Start of Block
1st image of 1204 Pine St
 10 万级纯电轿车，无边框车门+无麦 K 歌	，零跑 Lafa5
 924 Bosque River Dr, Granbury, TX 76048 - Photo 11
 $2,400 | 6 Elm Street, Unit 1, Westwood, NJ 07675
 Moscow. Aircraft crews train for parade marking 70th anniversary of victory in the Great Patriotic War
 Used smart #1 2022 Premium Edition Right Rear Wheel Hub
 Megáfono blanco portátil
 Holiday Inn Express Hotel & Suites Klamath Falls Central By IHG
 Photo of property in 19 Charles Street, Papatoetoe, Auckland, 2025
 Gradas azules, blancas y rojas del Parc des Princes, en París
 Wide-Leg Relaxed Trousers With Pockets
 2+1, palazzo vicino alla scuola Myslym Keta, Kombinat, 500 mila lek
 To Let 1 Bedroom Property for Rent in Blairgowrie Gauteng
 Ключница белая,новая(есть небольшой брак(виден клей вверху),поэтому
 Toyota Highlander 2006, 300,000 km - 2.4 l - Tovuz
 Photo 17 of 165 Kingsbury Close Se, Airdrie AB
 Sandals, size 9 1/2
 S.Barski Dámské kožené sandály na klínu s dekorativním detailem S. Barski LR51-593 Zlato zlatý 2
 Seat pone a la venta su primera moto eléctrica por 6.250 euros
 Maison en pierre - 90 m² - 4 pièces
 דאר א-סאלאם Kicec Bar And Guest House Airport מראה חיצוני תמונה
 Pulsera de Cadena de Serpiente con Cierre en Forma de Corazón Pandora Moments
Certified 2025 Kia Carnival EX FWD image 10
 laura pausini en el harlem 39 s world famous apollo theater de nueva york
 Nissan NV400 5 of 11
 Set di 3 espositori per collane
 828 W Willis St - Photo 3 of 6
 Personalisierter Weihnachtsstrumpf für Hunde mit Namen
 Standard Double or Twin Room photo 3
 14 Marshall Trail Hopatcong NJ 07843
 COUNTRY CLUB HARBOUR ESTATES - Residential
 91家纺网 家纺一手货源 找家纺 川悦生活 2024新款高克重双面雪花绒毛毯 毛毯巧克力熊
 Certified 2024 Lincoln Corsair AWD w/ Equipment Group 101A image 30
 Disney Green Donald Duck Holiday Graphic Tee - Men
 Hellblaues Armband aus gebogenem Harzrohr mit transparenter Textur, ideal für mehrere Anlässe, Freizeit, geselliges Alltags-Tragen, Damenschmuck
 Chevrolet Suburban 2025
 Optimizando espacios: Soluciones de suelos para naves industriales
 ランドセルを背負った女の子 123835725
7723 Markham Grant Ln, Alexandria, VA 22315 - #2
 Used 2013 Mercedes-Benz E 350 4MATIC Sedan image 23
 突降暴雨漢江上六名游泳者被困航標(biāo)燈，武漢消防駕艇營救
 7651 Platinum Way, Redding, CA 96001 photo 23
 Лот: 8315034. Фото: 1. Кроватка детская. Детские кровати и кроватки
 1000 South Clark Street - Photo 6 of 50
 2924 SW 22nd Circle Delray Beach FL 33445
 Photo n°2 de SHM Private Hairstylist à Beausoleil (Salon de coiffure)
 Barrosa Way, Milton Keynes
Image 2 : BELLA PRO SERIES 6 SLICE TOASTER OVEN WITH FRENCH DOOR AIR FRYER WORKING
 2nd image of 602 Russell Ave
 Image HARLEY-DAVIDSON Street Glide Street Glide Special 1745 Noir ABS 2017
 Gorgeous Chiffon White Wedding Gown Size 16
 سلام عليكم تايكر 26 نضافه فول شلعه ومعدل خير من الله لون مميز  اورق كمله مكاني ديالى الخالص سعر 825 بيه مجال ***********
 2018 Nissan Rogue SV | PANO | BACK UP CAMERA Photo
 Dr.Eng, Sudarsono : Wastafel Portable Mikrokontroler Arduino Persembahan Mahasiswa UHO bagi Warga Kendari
End of Block
* What the exercise asks:
Restate word for word the lines of the data above, starting at the line containing "Gradas azules, blancas" and ending at the line containing "Certified 2025 Kia Carnival EX FWD image 10", both included, and nothing more.

* Reply:
 Gradas azules, blancas y rojas del Parc des Princes, en París
 Wide-Leg Relaxed Trousers With Pockets
 2+1, palazzo vicino alla scuola Myslym Keta, Kombinat, 500 mila lek
 To Let 1 Bedroom Property for Rent in Blairgowrie Gauteng
 Ключница белая,новая(есть небольшой брак(виден клей вверху),поэтому
 Toyota Highlander 2006, 300,000 km - 2.4 l - Tovuz
 Photo 17 of 165 Kingsbury Close Se, Airdrie AB
 Sandals, size 9 1/2
 S.Barski Dámské kožené sandály na klínu s dekorativním detailem S. Barski LR51-593 Zlato zlatý 2
 Seat pone a la venta su primera moto eléctrica por 6.250 euros
 Maison en pierre - 90 m² - 4 pièces
 דאר א-סאלאם Kicec Bar And Guest House Airport מראה חיצוני תמונה
 Pulsera de Cadena de Serpiente con Cierre en Forma de Corazón Pandora Moments
Certified 2025 Kia Carnival EX FWD image 10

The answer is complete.